• _PROMPT_
The stretch wanted below opens at the line containing "Green/Beige Acid Wash Cardigan" and closes at the line containing "Ortak Icons set, izometrik stili". Please return it exactly, with no other lines.

---

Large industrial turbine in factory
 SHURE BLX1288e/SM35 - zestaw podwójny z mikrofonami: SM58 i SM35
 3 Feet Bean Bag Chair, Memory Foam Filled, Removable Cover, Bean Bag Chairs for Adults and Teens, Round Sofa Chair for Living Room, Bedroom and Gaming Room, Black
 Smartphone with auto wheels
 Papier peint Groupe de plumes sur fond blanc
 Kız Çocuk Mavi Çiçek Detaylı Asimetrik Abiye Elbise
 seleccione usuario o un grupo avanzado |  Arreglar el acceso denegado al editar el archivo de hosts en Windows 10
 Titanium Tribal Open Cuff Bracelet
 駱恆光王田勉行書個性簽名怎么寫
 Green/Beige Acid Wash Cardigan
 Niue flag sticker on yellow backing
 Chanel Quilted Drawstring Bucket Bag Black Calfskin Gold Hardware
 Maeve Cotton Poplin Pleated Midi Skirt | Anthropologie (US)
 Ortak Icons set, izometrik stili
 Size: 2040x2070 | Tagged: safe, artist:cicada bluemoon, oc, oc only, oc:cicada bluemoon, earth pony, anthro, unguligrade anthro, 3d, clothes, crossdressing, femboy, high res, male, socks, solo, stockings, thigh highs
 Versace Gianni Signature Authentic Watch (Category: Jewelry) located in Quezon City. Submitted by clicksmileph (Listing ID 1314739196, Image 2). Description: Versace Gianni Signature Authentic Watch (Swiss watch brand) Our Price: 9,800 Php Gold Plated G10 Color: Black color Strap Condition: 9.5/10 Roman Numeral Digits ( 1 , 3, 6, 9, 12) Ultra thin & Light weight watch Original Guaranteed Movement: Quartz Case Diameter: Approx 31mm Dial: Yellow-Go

---

• _RESPONSE BOX_
 Green/Beige Acid Wash Cardigan
 Niue flag sticker on yellow backing
 Chanel Quilted Drawstring Bucket Bag Black Calfskin Gold Hardware
 Maeve Cotton Poplin Pleated Midi Skirt | Anthropologie (US)
 Ortak Icons set, izometrik stili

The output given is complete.